The 103rd edition of the Giro will begin with a short time trial in Budapest and two further stages in Hungary, both suitable for sprinters, before moving to Sicily for another three stages which will include a climb up Mount Etna.
It will then move up through Italy before a series of mountain stages. Organisers bust out some favourite hits for a macbre final week, with climbs up Monte Bondone, the legendary hairpins of Passo dello Stelvio, Colle dell'Agnello, and an incursion into France for Col d'Izoard.
The 17th stage, to be held on May 27 and finishing at Madonna di Campiglio, appears to be the most demanding with over 5,000 metres of climbing over the course of its 202 kilometres. But the final week also contains mountain finishes at Piancavallo, Laghi di Cancano and Sestriere out of seven total.
Giro adds to speculation over grand tour leadership at Ineos and Jumbo-Visma
The 58.8 kilometres of time trials across three stages, including the last day in Milan, should bring all the grand tour time trial specialists to the start in Hungary. But this potentially gives rise to further speculation around leadership over the huge stable of grand tour stars on powerhouse teams Ineos and Jumbo-Visma.
With the brutal Tour de France recently revealed, Tom Dumoulin will likely choose the more favourable Giro leaving the Tour de France for new Jumbo-Visma team mate Primoz Roglic. But where would that leave this year's Tour third overall Steven Kruijswijk and is Roglic a Tour certainty, given the Giro's time trial kilometres?
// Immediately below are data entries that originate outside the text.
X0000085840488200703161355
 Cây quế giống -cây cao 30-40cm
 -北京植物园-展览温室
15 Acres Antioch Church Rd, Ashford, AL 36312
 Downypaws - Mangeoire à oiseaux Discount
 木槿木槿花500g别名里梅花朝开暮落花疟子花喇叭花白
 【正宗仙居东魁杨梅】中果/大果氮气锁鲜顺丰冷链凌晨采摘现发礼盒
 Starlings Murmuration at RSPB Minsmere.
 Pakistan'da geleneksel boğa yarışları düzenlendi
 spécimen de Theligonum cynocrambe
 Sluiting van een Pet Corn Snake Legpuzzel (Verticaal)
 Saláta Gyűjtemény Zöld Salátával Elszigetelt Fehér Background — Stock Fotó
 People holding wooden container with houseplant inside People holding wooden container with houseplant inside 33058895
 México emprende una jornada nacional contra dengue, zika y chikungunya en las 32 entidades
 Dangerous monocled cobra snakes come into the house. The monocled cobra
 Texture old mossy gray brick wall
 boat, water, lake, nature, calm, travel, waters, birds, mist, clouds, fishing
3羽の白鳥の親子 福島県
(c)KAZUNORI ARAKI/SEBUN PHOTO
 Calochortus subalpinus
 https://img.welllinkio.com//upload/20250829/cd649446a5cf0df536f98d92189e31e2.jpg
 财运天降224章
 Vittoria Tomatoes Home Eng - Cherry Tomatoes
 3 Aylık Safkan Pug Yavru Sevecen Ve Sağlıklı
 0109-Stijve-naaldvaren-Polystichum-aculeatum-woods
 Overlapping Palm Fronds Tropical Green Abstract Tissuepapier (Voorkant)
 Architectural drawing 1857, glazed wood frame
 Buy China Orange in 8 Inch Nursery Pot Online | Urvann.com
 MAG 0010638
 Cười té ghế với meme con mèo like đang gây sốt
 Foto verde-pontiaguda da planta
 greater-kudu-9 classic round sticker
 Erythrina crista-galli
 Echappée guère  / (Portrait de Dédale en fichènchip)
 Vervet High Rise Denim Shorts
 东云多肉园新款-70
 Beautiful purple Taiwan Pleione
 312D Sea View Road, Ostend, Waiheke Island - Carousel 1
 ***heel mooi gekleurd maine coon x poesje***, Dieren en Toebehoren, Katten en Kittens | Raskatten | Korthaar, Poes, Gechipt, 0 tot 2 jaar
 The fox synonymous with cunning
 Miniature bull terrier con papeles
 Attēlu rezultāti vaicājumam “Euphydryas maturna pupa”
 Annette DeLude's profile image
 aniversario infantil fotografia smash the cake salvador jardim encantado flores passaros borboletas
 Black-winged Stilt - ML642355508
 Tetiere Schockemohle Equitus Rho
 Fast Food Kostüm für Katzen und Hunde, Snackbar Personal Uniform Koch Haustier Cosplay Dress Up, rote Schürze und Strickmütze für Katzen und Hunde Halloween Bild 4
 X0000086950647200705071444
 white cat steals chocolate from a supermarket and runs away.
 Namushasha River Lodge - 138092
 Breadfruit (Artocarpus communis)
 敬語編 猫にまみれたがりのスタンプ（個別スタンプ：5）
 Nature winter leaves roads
It's a similar story at Ineos. With Chris Froome expected to make a full Tour de France resurrection alongside this year's champion Egan Bernal, the Giro will likely feature not too ITT shabby, 2018 Tour de France winner Geraint Thomas. But will he have to fight off new Ineos team mate and this year's Giro champion Richard Carapaz?
At the route announcement overnight (AEDT), the Ecuadorian said he really wanted to race after this year's special win.
“The 2019 Giro d'Italia will always be a very important moment in my history as a pro rider, just thinking about it excites me," he said.
"I will never stop telling the kids in Ecuador who start cycling how important it is to pursue their dreams."
"It is a very interesting route with stages that present many surprises. In the last week, there are a lot of mountains, the Stelvio could be decisive, I really hope to be there.”
Wait, what? Peter Sagan has never raced the Giro d'Italia?
Also at the route announcement was Peter Sagan who amazingly has never before suited up for a Giro d'Italia, even during his five-year stint at Italian team Liguigas, and its iterations.
“I really like this route, right from the first stages in Hungary," he said. "I am sure there will be many of my supporters on the route for the first three stages because Slovakia is very close.
"But we will also enjoy the stages on the Italian roads, as I lived and used to train in Italy. It’s a nice Giro route; the first part suits me best but I will try to stay until the end in Milan.”
Out of the 21 stages, six stages are suitable for the faster men like Sagan.
It will be the 14th time the race has started outside Italy and the first in Eastern Europe.